How to select chunk size of data for embedding with an LLM?

352 Views Asked by At

I have structured data (CSV) that has a column of semantically rich text of variable length. I could mine the data so the CSV file has a max length per row of data by using an LLM to summarize semantically rich text to a max size. I’m using OpenAI GPT 3.5Turbo.

Is it important to pick a chunk size that accommodates the max possible size of a row? Or does it matter very little and I can work with a variable row size, select a median chunk size for my data, and let the LLM deal with receiving some records that are split into separate chunks?

2

There are 2 best solutions below

0
Lance Kind On BEST ANSWER

For CSV data, it’s best to fit a row of data alone within a single chunk. For different types of data (non-csv or not-record based) this answer may not apply.
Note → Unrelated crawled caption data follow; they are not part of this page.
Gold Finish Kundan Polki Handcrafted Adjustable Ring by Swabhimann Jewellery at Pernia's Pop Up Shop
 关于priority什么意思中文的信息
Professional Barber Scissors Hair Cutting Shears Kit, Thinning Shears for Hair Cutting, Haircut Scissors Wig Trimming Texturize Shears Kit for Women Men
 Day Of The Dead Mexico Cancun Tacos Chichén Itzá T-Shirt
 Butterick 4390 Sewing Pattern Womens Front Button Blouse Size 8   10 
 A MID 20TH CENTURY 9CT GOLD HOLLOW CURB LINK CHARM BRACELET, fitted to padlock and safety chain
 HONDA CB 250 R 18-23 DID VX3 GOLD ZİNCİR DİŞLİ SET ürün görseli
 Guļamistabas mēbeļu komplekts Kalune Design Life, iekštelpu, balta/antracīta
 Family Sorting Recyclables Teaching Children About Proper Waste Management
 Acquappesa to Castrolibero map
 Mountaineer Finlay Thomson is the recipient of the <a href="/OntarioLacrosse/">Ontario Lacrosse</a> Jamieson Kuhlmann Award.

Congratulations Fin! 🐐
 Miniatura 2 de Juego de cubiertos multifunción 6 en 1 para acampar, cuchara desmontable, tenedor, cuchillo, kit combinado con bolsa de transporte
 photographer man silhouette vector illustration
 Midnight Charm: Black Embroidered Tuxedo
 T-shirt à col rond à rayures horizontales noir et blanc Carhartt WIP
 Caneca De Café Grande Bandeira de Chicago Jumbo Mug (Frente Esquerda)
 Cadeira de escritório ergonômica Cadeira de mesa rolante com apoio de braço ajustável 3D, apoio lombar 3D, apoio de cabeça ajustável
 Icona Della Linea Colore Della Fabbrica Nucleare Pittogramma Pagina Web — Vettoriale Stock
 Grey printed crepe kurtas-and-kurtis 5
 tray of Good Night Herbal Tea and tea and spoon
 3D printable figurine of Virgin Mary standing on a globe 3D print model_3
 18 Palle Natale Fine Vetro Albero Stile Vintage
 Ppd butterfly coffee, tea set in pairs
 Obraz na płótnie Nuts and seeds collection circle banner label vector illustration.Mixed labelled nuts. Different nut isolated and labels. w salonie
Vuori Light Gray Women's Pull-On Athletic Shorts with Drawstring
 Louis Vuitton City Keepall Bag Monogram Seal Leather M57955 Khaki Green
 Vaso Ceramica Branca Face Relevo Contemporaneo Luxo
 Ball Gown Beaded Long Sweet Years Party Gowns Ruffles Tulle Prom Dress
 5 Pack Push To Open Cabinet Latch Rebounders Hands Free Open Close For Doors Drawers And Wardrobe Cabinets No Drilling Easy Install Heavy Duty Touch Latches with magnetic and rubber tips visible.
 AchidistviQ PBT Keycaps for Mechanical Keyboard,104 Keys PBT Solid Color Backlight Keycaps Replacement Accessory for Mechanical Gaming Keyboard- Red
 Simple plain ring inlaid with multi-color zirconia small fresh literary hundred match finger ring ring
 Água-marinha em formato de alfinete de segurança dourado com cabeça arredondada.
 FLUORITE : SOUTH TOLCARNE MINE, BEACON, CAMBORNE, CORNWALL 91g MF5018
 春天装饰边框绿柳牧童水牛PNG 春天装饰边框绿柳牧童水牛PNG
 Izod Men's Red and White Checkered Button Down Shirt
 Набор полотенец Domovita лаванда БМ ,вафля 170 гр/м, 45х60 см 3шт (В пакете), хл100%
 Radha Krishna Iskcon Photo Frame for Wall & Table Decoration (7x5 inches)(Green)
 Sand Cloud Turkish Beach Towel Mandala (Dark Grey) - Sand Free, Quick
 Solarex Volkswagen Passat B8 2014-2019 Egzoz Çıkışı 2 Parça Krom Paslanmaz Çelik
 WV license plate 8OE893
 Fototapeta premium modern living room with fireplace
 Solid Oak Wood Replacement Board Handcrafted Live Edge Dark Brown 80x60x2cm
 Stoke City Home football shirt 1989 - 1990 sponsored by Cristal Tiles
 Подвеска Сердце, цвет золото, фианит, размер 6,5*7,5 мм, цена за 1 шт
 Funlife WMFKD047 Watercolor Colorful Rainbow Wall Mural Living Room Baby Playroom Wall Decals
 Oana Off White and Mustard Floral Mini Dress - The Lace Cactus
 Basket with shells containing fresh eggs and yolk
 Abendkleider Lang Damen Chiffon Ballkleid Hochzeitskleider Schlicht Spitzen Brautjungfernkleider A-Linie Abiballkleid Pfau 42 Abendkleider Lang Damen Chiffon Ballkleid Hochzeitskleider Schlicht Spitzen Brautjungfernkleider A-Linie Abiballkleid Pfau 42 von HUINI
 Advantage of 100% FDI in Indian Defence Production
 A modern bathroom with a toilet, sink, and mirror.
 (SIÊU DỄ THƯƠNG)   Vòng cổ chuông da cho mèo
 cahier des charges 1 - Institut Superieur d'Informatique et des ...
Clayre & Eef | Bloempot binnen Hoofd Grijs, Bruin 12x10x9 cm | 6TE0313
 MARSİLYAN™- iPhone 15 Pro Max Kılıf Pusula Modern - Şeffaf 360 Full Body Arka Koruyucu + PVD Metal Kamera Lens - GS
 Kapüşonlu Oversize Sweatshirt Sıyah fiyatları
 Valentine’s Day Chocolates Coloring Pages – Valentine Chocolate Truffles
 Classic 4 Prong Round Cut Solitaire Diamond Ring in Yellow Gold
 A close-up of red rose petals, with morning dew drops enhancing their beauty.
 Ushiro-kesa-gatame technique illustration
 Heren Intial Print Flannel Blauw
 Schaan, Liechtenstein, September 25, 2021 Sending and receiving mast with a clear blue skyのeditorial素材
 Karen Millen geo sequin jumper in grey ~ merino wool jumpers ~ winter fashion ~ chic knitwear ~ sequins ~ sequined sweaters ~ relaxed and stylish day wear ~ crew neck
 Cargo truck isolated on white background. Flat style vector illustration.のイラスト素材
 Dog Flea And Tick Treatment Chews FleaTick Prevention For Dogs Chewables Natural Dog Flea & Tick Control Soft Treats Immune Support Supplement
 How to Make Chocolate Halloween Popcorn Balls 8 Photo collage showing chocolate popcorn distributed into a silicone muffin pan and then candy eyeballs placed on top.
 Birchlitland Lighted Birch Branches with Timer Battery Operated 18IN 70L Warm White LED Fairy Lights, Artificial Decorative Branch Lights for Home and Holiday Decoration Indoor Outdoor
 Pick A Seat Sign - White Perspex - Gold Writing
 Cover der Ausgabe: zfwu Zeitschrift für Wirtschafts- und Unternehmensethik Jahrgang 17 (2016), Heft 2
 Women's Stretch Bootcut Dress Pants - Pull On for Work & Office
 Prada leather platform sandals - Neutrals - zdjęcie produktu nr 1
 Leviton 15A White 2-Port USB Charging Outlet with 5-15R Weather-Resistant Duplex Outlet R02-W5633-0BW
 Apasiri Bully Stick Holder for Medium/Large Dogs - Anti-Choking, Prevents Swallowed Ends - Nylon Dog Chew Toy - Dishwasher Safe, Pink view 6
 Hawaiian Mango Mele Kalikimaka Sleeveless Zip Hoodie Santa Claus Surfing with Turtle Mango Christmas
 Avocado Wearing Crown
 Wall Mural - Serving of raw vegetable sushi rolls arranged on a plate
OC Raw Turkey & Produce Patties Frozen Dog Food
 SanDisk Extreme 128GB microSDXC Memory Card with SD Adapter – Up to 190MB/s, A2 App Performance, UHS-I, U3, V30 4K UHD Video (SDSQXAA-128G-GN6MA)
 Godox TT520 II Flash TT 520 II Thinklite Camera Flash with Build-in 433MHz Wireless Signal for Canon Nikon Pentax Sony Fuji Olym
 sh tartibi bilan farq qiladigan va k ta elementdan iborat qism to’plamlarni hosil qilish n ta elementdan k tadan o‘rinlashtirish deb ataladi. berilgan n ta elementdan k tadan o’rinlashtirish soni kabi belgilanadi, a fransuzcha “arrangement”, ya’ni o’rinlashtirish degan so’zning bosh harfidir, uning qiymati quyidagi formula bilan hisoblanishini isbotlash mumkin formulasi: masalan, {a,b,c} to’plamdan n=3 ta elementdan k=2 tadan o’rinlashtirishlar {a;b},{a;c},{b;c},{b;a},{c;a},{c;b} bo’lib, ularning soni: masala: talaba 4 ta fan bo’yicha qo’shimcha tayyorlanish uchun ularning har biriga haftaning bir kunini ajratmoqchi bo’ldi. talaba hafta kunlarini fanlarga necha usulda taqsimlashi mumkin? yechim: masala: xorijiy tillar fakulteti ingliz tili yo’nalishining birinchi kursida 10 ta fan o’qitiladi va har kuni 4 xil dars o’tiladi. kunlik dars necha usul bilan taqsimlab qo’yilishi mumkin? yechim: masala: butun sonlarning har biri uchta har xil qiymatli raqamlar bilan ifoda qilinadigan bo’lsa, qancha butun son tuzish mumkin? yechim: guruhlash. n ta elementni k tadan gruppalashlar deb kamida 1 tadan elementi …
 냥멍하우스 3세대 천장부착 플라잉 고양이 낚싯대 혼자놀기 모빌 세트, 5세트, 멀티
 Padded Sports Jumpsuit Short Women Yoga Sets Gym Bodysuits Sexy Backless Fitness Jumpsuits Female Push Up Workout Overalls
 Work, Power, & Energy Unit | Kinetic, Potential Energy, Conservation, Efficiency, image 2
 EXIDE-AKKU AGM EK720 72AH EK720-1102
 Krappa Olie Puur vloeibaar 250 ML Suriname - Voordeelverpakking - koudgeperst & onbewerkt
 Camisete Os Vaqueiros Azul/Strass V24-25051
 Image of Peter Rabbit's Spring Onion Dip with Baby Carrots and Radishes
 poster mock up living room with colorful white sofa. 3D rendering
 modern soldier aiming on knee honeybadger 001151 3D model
This answer can be generalized to all row based data, independent of CSV format.

Background: Since it is CSV data, it’s implied that content within a row has a strong semantic relationship and that there is little to no semantic relationship with the next row or previous, ie, row ordering can be random because the rows are independent of each other.

So when generating embedding for this kind of data, where the LLM is to generate responses using semantic meaning between rows, the goal is that each row of the CSV becomes a vector so that when a LLM is queried, it generates answers oriented around the semantic content among various rows (which is the goal in this case), which means these answers are based upon the fit among the CSV.

For more background Chunking Strategies for LLM Applications is a good source.

1
Nick Magnanini - preprocess.co On

It seems like chunk size is not relevant to your task. Chunk size matters for:

  • max length allowed by your embedding model (this can vary a lot, 512 tokens is usually the right one) if you are using vector/hybrid search
  • how many records it's optimal to be loaded in the LLM prompt

The latter may be important due to your context window size and how good the LLM is at cherry-picking information in the context.